A method for directly bonding the translucent member 18 and the passivation layer 16 includes the anodic bonding and the normal temperature welding, for instance. In the anodic bonding, the translucent member 18 and the passivation layer 16 are joined together by applying a voltage therebetween. In the normal temperature welding, the surface of the translucent member 18 and the surface of the passivation layer 16, which have been reformed by ion beams in high vacuum, are joined together.

Where the anodic bonding is used, the translucent member 18 and the passivation layer 16 can be joined together by applying a voltage of several hundreds of volts or more therebetween at a temperature of 200 to 400° C., for instance. The translucent member 18 as used here is preferably a glass, which contains an alkaline component and whose linear expansion coefficient is close to that of the substrate to be bonded thereto. For example, borosilicate glass is suitable if a Si substrate is used.

Where the normal temperature welding is used, molecules bonded with atoms of the outermost Si on the side of laminating surfaces of the translucent member 18 (e.g., glass) and the passivation layer 16 (e.g., SiN) are removed by using Ar ion beam in a high vacuum of 10⁻⁶ Pa or below. In other words, the translucent member 18 and the passivation layer 16 can be bonded in a short time, when they are joined together while their bonding hands (dangling bonds) are located at the outermost surface thereof. When the normal temperature welding is used, the bonding is possible even though no alkaline components is contained in the translucent member 18. Thus, alkali-free glass can be used in the normal temperature welding.

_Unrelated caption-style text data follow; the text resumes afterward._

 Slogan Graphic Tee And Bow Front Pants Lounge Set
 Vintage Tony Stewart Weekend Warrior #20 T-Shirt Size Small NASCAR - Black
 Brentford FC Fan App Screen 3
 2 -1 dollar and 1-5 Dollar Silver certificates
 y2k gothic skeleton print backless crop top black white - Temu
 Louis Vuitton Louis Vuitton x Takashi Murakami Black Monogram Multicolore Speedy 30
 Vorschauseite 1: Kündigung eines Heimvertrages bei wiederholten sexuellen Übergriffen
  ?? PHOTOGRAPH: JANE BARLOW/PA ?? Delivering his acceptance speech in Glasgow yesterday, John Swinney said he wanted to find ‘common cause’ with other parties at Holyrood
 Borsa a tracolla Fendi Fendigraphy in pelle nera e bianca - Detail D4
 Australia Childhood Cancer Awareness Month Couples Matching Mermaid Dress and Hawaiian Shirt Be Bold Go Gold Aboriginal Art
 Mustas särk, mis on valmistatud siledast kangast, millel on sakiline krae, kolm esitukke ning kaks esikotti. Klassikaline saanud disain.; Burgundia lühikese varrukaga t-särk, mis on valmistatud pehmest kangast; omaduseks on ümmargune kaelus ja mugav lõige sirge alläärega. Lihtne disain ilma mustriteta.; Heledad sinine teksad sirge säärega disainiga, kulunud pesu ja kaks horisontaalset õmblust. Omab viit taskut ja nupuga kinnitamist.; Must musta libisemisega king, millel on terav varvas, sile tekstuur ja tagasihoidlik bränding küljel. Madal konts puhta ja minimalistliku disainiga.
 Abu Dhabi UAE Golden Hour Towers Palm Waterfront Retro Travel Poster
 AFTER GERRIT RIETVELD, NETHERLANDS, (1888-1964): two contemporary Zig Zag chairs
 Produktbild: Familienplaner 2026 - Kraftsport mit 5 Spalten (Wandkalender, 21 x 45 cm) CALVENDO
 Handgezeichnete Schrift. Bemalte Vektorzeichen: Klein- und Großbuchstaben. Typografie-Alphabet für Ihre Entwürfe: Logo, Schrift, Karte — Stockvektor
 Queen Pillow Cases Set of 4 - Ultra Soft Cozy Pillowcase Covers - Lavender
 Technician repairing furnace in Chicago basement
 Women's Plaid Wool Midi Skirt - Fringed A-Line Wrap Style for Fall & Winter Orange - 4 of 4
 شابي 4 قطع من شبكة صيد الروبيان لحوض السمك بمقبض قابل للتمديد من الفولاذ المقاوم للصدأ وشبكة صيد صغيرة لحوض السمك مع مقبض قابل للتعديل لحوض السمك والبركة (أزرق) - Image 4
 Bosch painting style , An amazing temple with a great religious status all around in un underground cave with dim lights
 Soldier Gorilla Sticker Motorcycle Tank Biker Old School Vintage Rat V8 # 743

The translucent member 18 may be bonded to the passivation layer 16 by using adhesive or the like. The adhesive is preferably made of a material that transmits the light having a wavelength band used for the power generation at the photovoltaic device 100. The adhesive as used herein may be EVA, PVB, silicone, or various types of olefin-based resins, for instance.

Then, the substrate 10 is separated using the porous layer 10a (FIG. 7B). The substrate 10 can be separated by using a mechanical treatment. For example, the substrate 10 and the translucent member 18 are adsorbed by vacuum chucks and then both of them are pulled in such a manner as to separated off from each other, thereby separating the substrate 10 from a porous layer 10a portion. Also, the substrate 10 can be separated from the porous layer 10a portion by spraying a water jet on the porous layer 10a from a side surface of the substrate 10. If part of the porous layer 10a stays on a first conductive-type layer 12 side, the part thereof staying thereon may be removed by etching, for example, in which used is fluonitric acid where hydrofluoric acid (HF) and nitric acid (HNO₃) are mixed together.

After separated from the substrate 10, the insulating layer 20 is formed on top of the first conductive-type layer 12 and, at the same time, the first conductive-type layer 12 is patterned (FIG. 7C). The insulating layer 20 can be formed using the plasma-enhanced chemical vapor deposition (PECVD method) where a material gas, in which nitrogen (N₂) is mixed with silane (SiH₄), is turned into plasma and supplied.

The patterning can be carried out using etching paste. Etching past containing phosphoric acid is applied to an intended pattern by using a screen printing method or the like and thereby the first conductive-type layer 12 together with the insulating layer 20 are partially removed. Also, in order to achieve an intended pattern, the insulating layer 20 may be partially removed by dry etching, and the first conductive-type layer 12 may be partially removed by using the insulating layer 20 as a mask, by the dry etching or wet etching. Reactive ion etching (RIE) where carbon tetrafluoride (CF₄) is used may be employed in the dry etching of the insulating layer 20. Reactive ion etching (RIE) where sulfur hexafluoride (SF₆) is used may be employed in the dry etching of the first conductive-type layer 12. An etchant containing hydrofluoric acid may be used in the wet etching of the first conductive-type layer 12.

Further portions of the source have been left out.